Items from a dataset:
═══

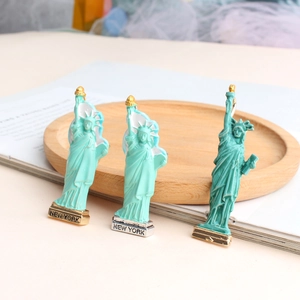 Detailed close-up of Statue of Liberty enamel brooches with New York base engraving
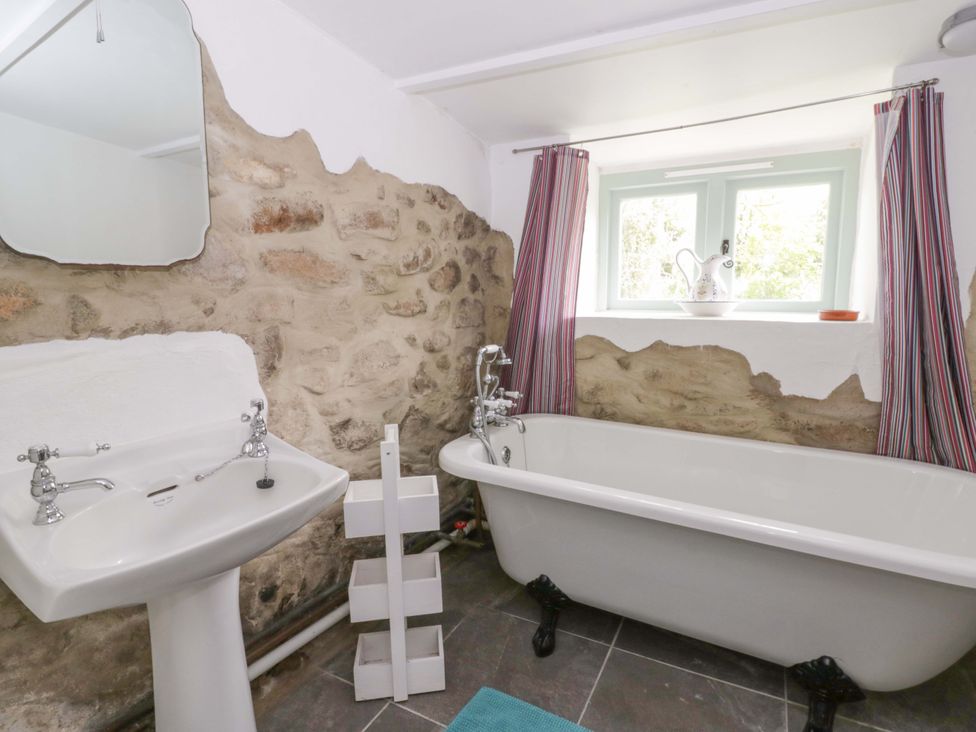 A bathroom with a bathtub, sink, and window at Rhos Y Clegyrn in Goodwick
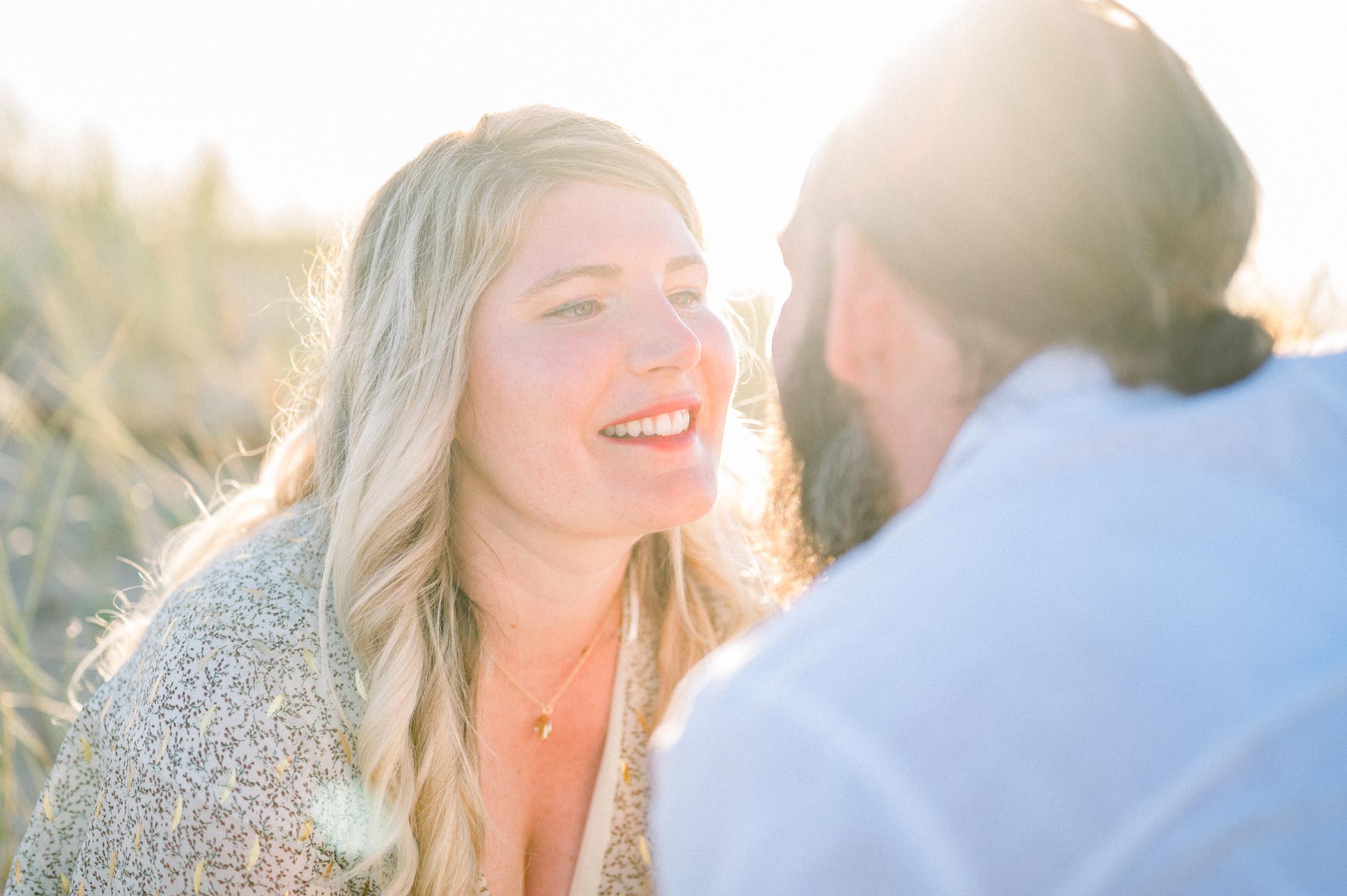 The couple face to face and smiling in the dune grass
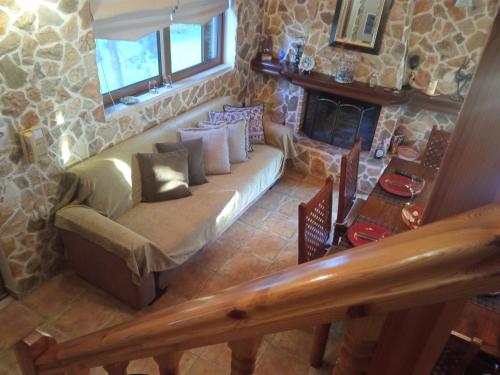 a living room with a couch and a fireplace at Luxury Villas Chrysa Private Pool & Spa in Nafplio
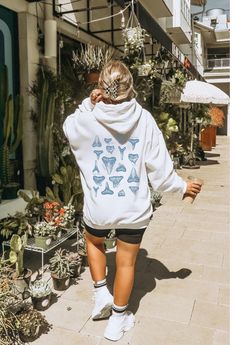 This "Respect the Locals" Shark hoodie by Gildan is perfect for beach lovers! This soft, high quality sweatshirt will keep you cozy and warm at the beach, post surfing, or chilling at home. Details 50% Cotton 50% Polyester (resistant to stretching and shrinking!) Front pouch pocket to keep your hands cozy and warm Knitted in one piece without side seams (reduces fabric waste!) Adjustable drawstring in hood Printed with non-hazardous, non-toxic, and biodegradable inks! SHIPPING Production time can take 2-7 business days, although the average time is 1.6 business days Shipping times in the US is 2-5 business days. *shipping to Alaska, Hawaii, Puerto Rico and unincorporated territories of the US can take an additional 7-12 business days. RETURNS Each sweatshirt is Print-on-Demand, meaning it Surfer Vibes Outfit, Hoodies Shark, Respect The Locals Shark, Respect The Locals, Surfer Vibes, Beach Post, Shark Sweatshirt, Shark Hoodie, Shark Lover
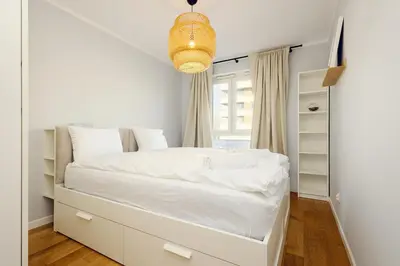 Łóżko lub łóżka w pokoju w obiekcie 3-Room Apartment Wrocław Centre near Market Square Free Parking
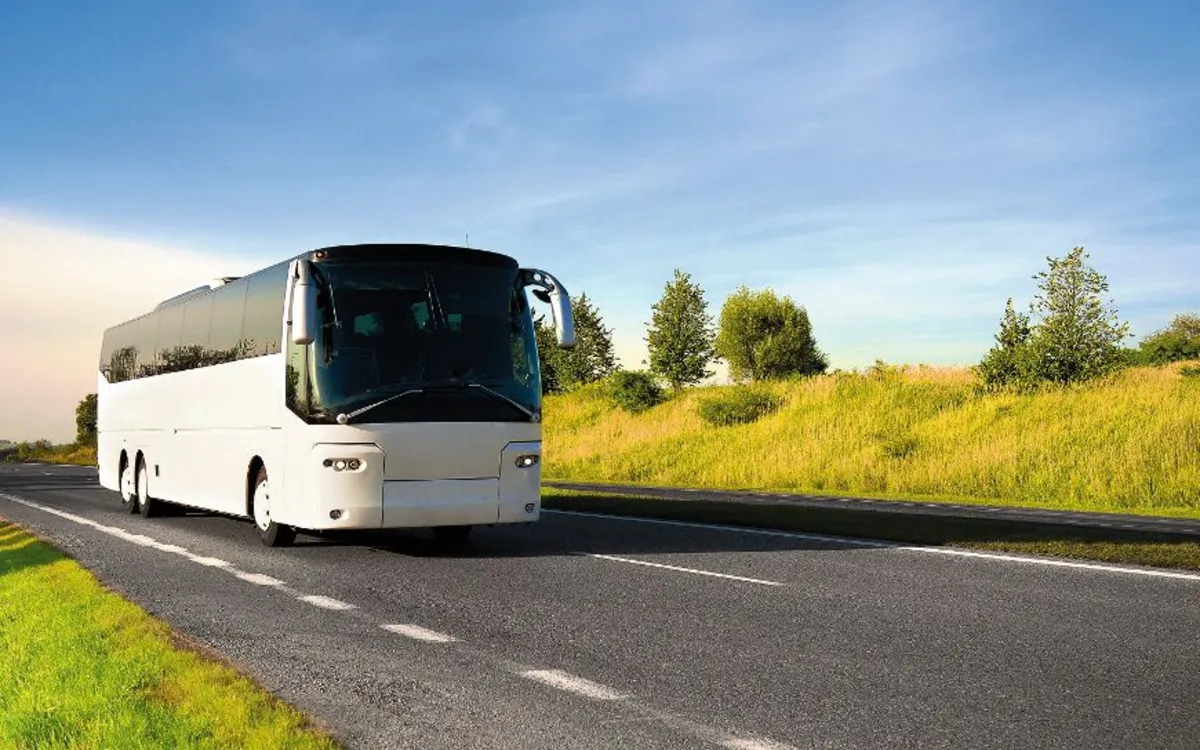 Reisebus fährt auf einer Landstraße bei sonnigem Wetter, umgeben von grünen Wiesen und Bäumen.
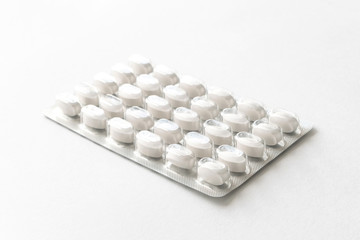 White pills tablets in package on a white background. Capsule pills in plastic pack.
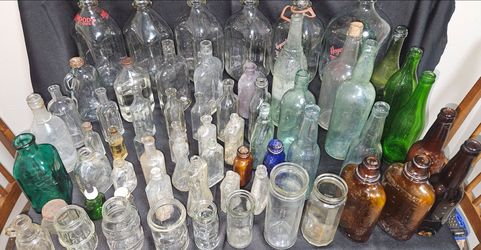 Large collection of very old bottles and jars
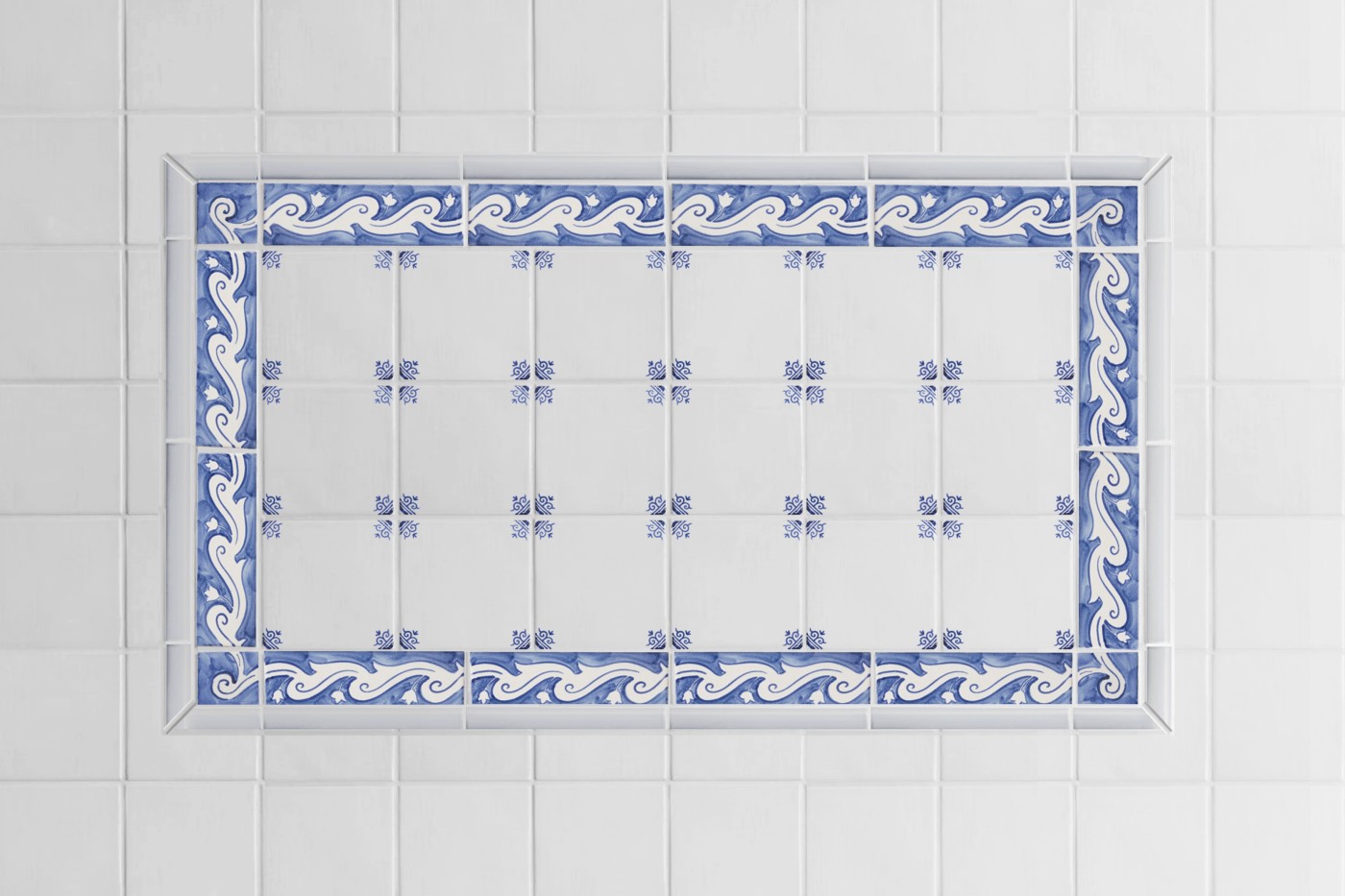 a blue and white tiled bathroom with an ornate border pattern.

═══

How to complete this task: Return the entries exactly as given. Do not include pictures.

Output for this task:
 Detailed close-up of Statue of Liberty enamel brooches with New York base engraving
 A bathroom with a bathtub, sink, and window at Rhos Y Clegyrn in Goodwick
 The couple face to face and smiling in the dune grass
 a living room with a couch and a fireplace at Luxury Villas Chrysa Private Pool & Spa in Nafplio
 This "Respect the Locals" Shark hoodie by Gildan is perfect for beach lovers! This soft, high quality sweatshirt will keep you cozy and warm at the beach, post surfing, or chilling at home. Details 50% Cotton 50% Polyester (resistant to stretching and shrinking!) Front pouch pocket to keep your hands cozy and warm Knitted in one piece without side seams (reduces fabric waste!) Adjustable drawstring in hood Printed with non-hazardous, non-toxic, and biodegradable inks! SHIPPING Production time can take 2-7 business days, although the average time is 1.6 business days Shipping times in the US is 2-5 business days. *shipping to Alaska, Hawaii, Puerto Rico and unincorporated territories of the US can take an additional 7-12 business days. RETURNS Each sweatshirt is Print-on-Demand, meaning it Surfer Vibes Outfit, Hoodies Shark, Respect The Locals Shark, Respect The Locals, Surfer Vibes, Beach Post, Shark Sweatshirt, Shark Hoodie, Shark Lover
 Łóżko lub łóżka w pokoju w obiekcie 3-Room Apartment Wrocław Centre near Market Square Free Parking
 Reisebus fährt auf einer Landstraße bei sonnigem Wetter, umgeben von grünen Wiesen und Bäumen.
 White pills tablets in package on a white background. Capsule pills in plastic pack.
 Large collection of very old bottles and jars
 a blue and white tiled bathroom with an ornate border pattern.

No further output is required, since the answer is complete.